You see, I had spent a large part of the previous eight years writing the “Jigsaw Jones” mystery series (along with a long list of side projects — anything to pay the mortgage). But despite writing thirty-plus chapter books in the series, those books were never reviewed. Not once, not anywhere. Absolutely, positively, critically ignored. As a series, the books were unworthy, the ugly stepsisters of the publishing world. Yes, I got a lot of fan mail. But in the world of children’s literature, and to a large extent within the halls of my own publisher, those books almost didn’t exist beyond the category of “product.”
And yet I put everything I had in them.
So now I’m faced with a strange, new experience. Today I find myself in the New York Times Book Review.

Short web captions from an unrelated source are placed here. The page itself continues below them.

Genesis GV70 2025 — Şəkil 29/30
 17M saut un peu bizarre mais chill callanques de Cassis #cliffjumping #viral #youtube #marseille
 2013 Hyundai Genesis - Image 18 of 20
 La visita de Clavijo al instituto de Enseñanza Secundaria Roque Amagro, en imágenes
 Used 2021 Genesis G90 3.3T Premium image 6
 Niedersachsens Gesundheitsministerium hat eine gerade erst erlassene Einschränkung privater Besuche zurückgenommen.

Wow. In many respects, that’s the mountaintop. Finally, I wrote something that people are reading closely — people other than, I should say, the boys and girls for whom the books are intended.
Series writers are somehow slotted into a sub-category, like a sub-species, Boo Radley in a darkened room. And yet as everybody knows, series literature (if we may use the L-word) is widely read. That’s what the industry demands, it’s what editors want, it’s what kids read. I’m talking about popular series like “The Secrets of Droon” by Tony Abbott, “The Baby-Sitters Club” by Ann M. Martin, or “Animorphs” by Katherine Applegate (to name just a few). Each of those authors I’ve listed went on to later write, ta-da, Real Books that received critical attention and acclaim. As if, wow, maybe they suddenly learned how to write! But I’d bet that they are just as proud, if not prouder, of the paperback series they wrote than all the great reviews they later earned for their “more important” hardcover books. It’s too bad. I wish our reviewers gave more recognition to series publishing, the good and the bad.
Okay, I’ll step off the soapbox. Besides, I’ve got to run out to make a xerox of that Times review. My mom needs a copy (whether she knows it or not)!